Roehl has a flatbed division in so cal. Was in Fontana unless they moved it. Roehl is a good company, don’t get hung up on the forced dispatch issue. We all have our likes and dislikes, but we still have to do our job. There are alot of factors that go into dispatch assignments, so just be thankful they are getting you miles and home on time.

Marc Lee's Comment
member avatar

Question I had RE: "forced dispatch" is "how does that play out for rookies?"

I get the concept and see both sides of the issue. As a Noob I am looking to have the ability to learn to do this and hopefully to perform at a high level. My objective was always to find an opportunity to succeed. I assume Forced Dispatch is still tempered with the employer not intentionally "setting up a rookie to fail." How does this really play out in the real world? (I can't see a DM intentionally sending a rookie to a place they know will be a nightmare early on. Or is that being overly optimistic?).

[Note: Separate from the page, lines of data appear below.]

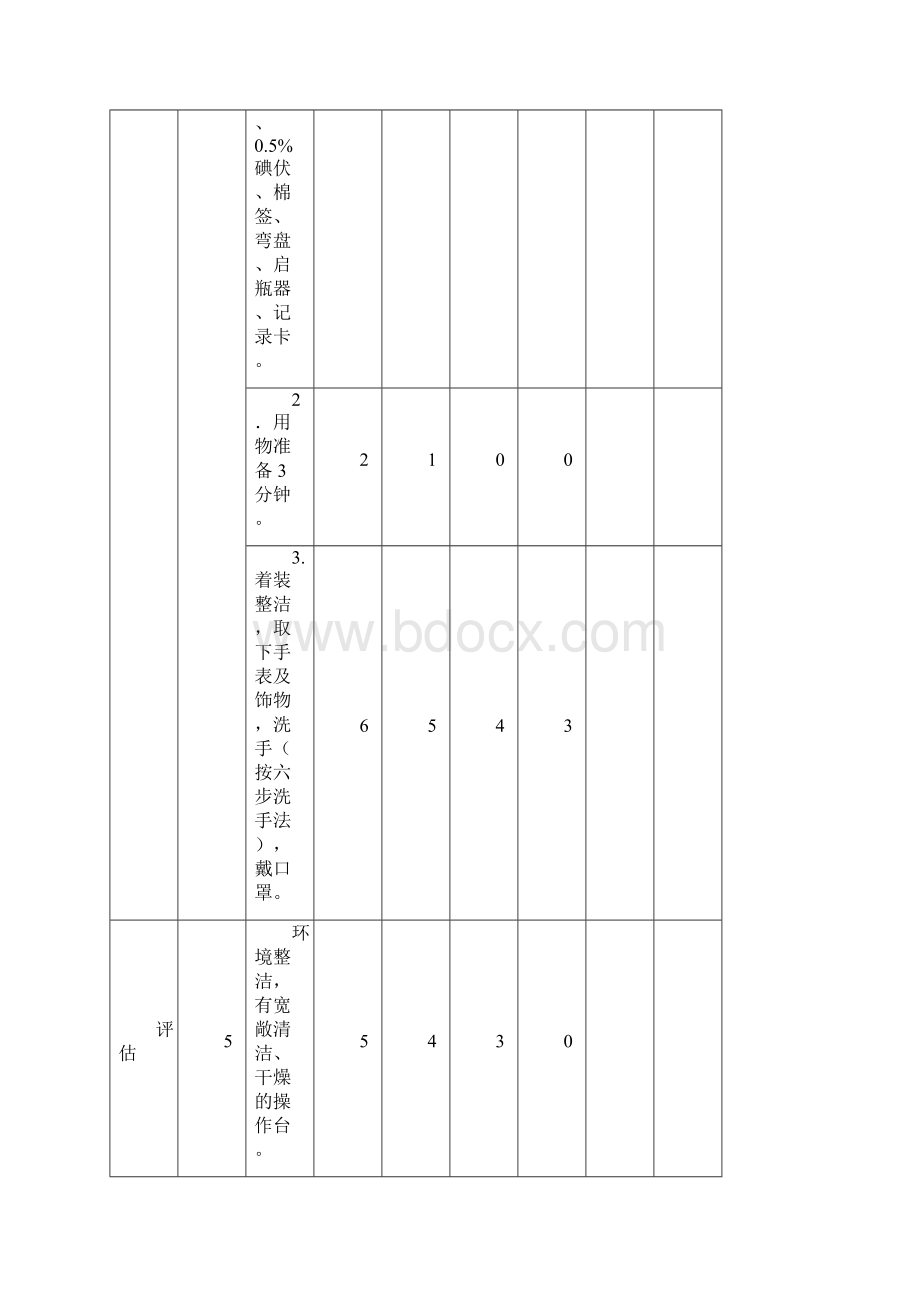 护理23项技术操作要点及评分标准.docx_第2页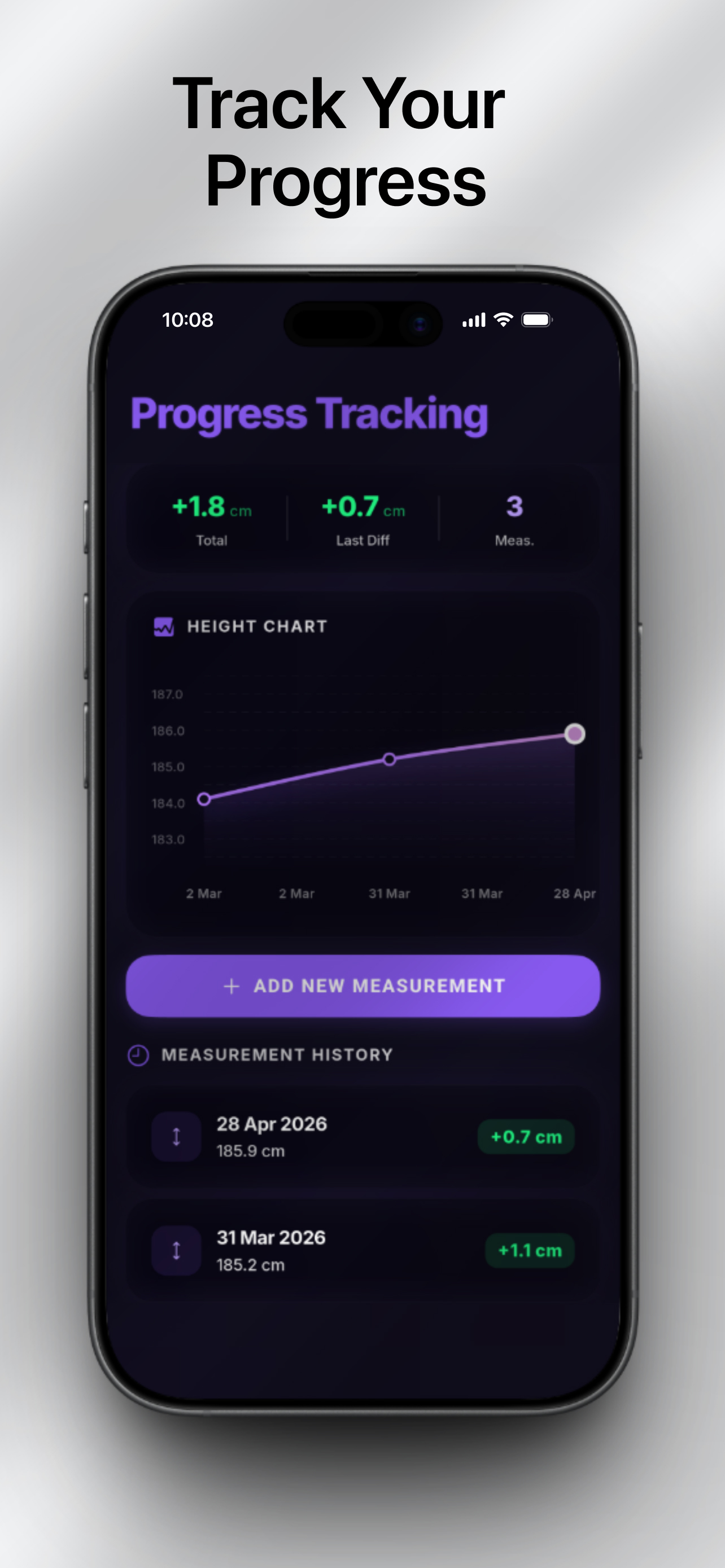 BeTaller: Taller Height Growth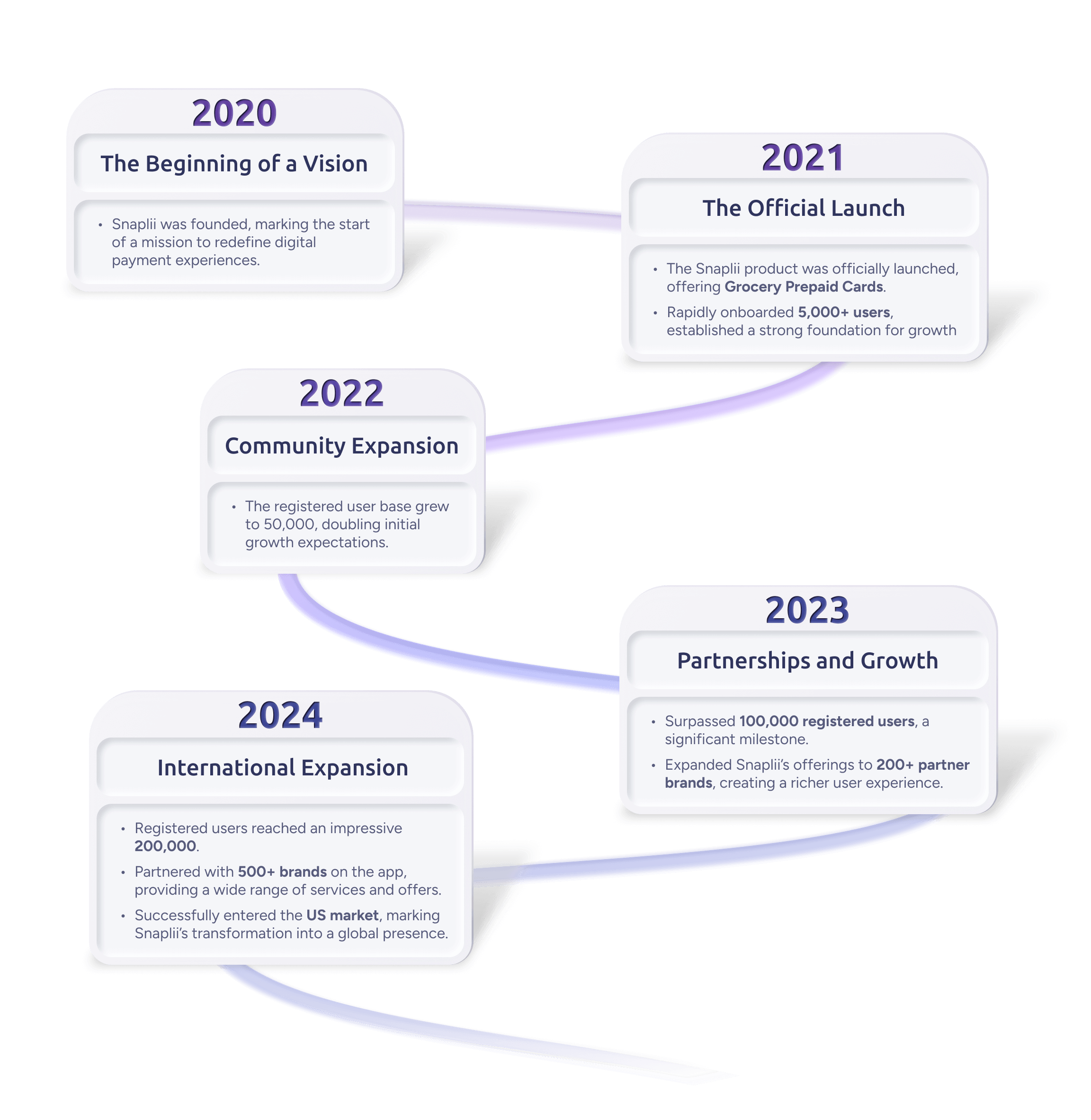 Snaplii history timeline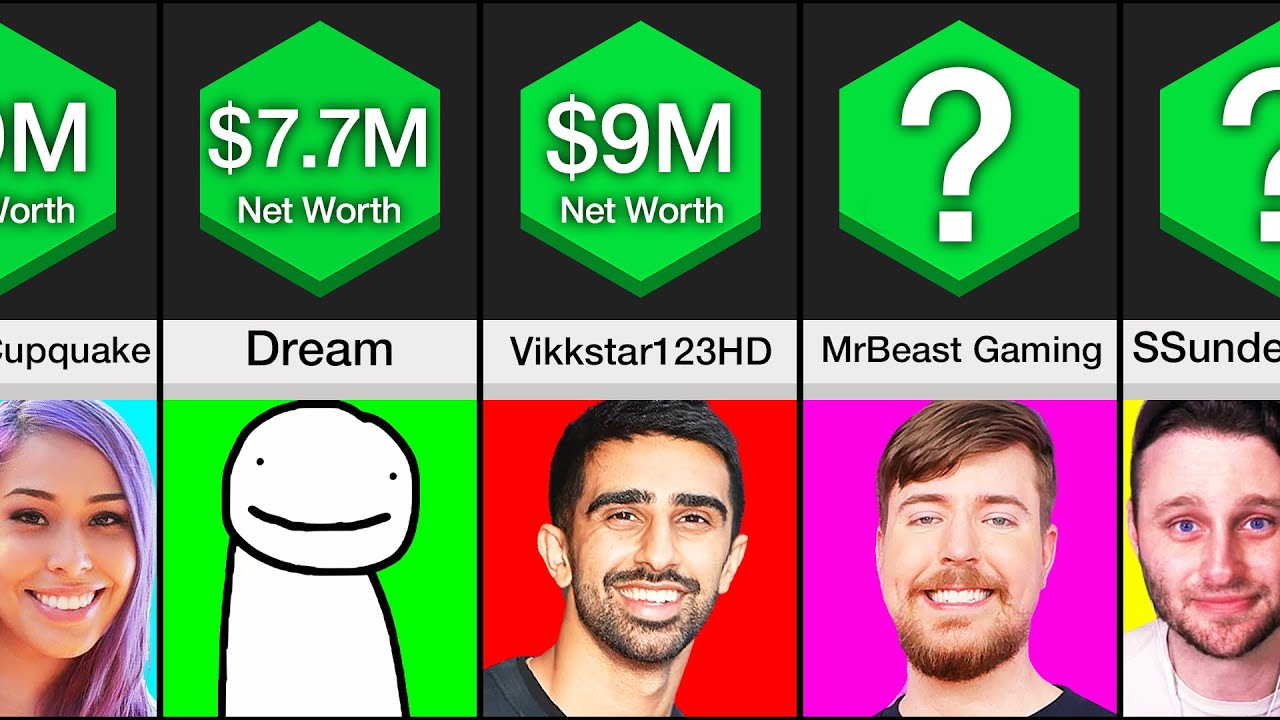 Comparative rich. Comparison_ Richest YOUTUBERS 2023.mp4.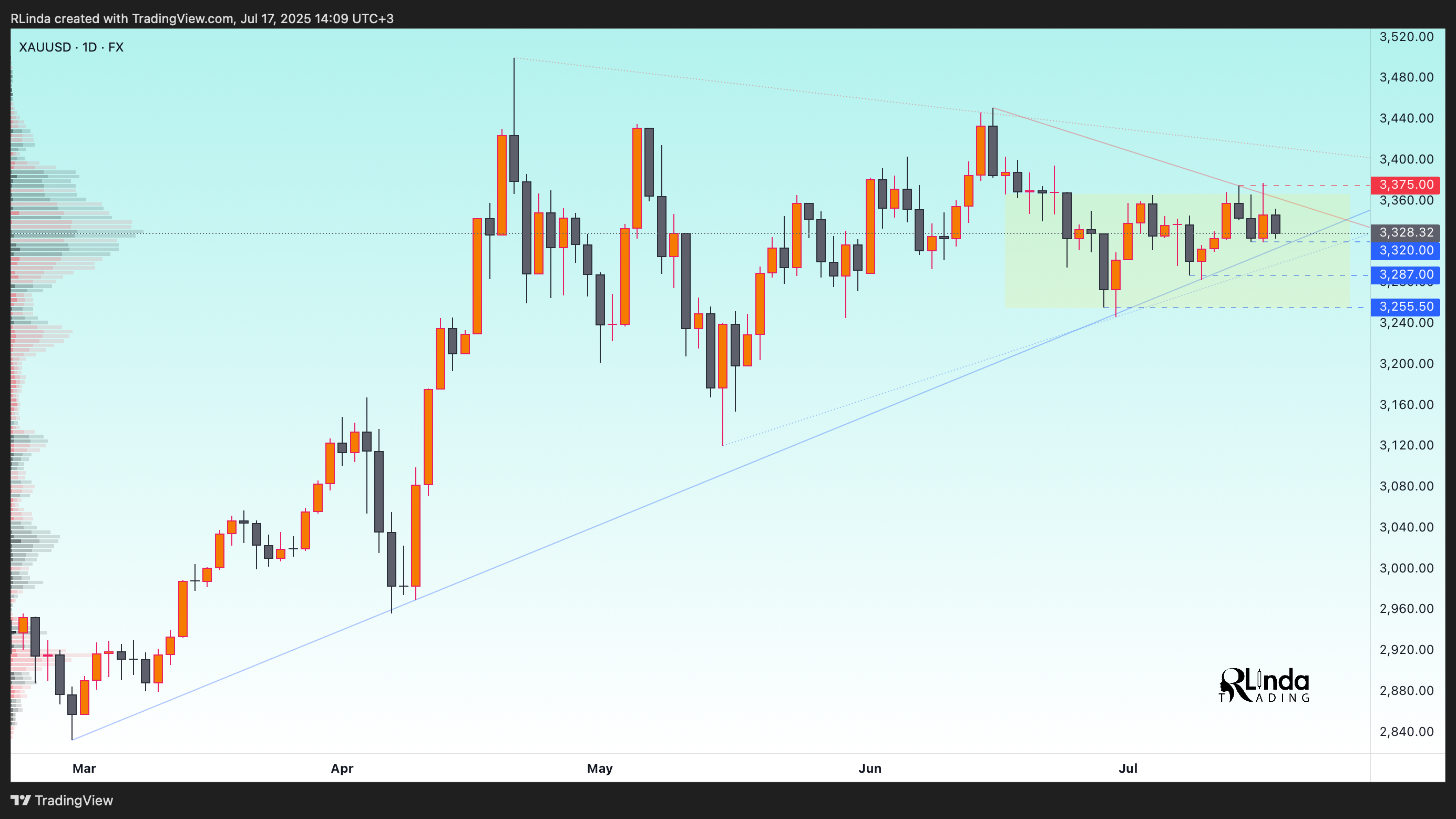 FX:XAUUSD Chart Image by RLinda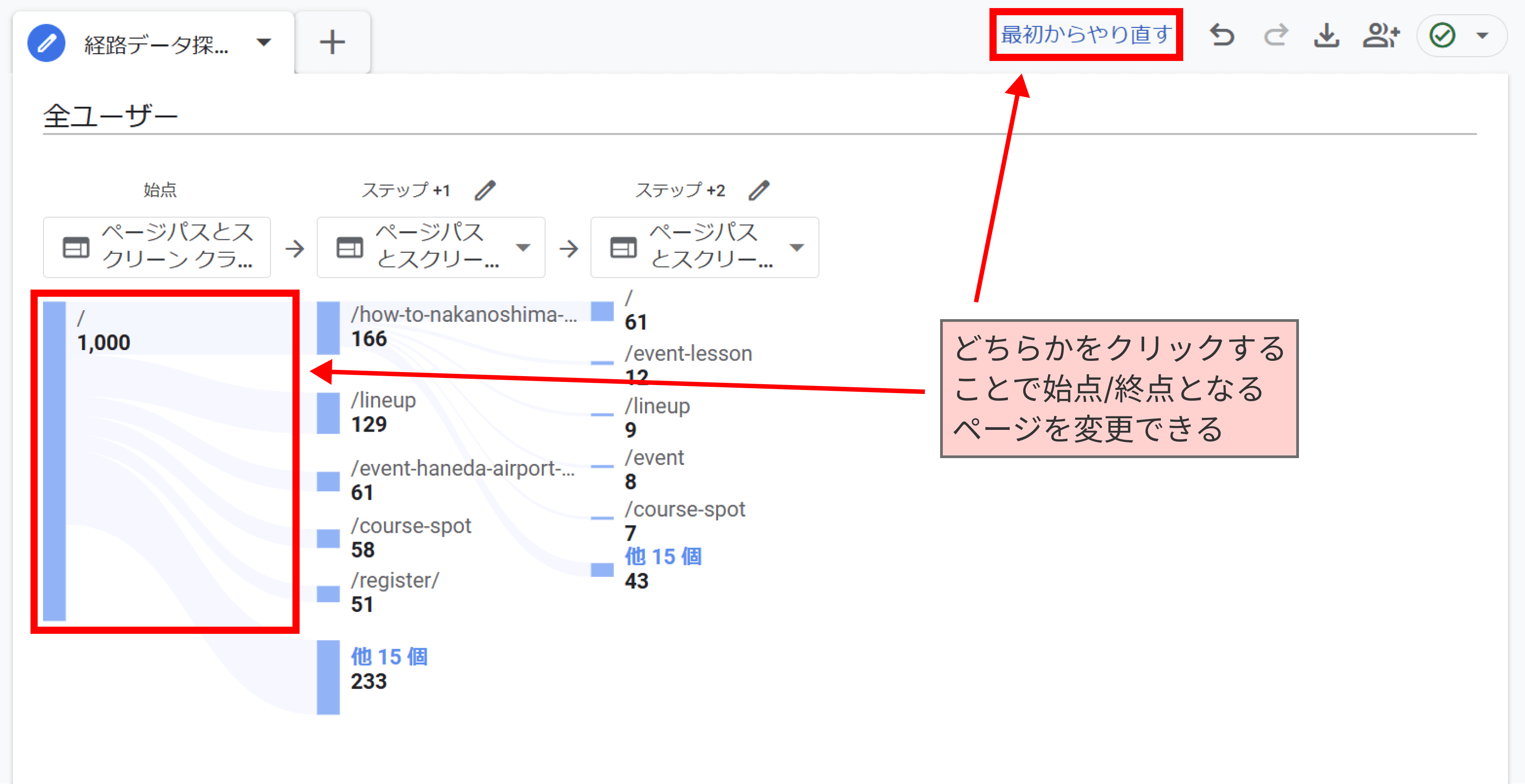 始点/終点のページを変更する場合は、「最初からやり直す」かノードを選択する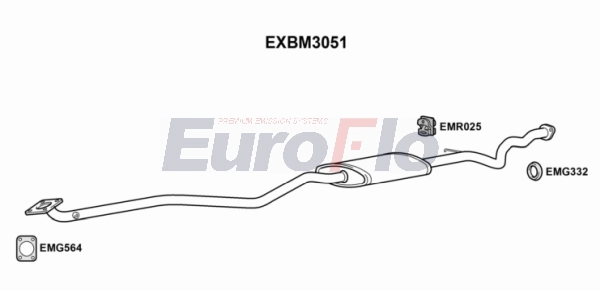 EXBM3051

In my brief tine training with J.B. Hunt I got get to see some trickey Targets*. But I think they would not have sent me there right away as a new solo...

* One had almost no place to drop the trailers (double drop). Docks were right along a busy street with no truck parking, Municipality hates trucks and truckers... Virtually impossible to do legally for a pro! But the truck and trailer actually DO fit in the streets around there!

Dm:

Dispatcher, Fleet Manager, Driver Manager

The primary person a driver communicates with at his/her company. A dispatcher can play many roles, depending on the company's structure. Dispatchers may assign freight, file requests for home time, relay messages between the driver and management, inform customer service of any delays, change appointment times, and report information to the load planners.
Big Scott (CFI Driver/Tra's Comment
member avatar

Forced dispatch is a bad term. If you worked in a store and your boss said dusting the shelves is one of your jobs, you would have to do that every day.

Forced dispatch means here is you next work assignment. The company finds you loads with the goal of making money. Money for you and therefore the company. The more they keep you running the better for everyone.

New drivers don't know the freight lanes or where higher paying freight is. I have a friend who owns his own truck and is an independent contractor with CFI. He is not forced dispatched, yet he takes every load they give him and he keeps running.

Don't let the term forced dispatch play in your decision. Good luck to you.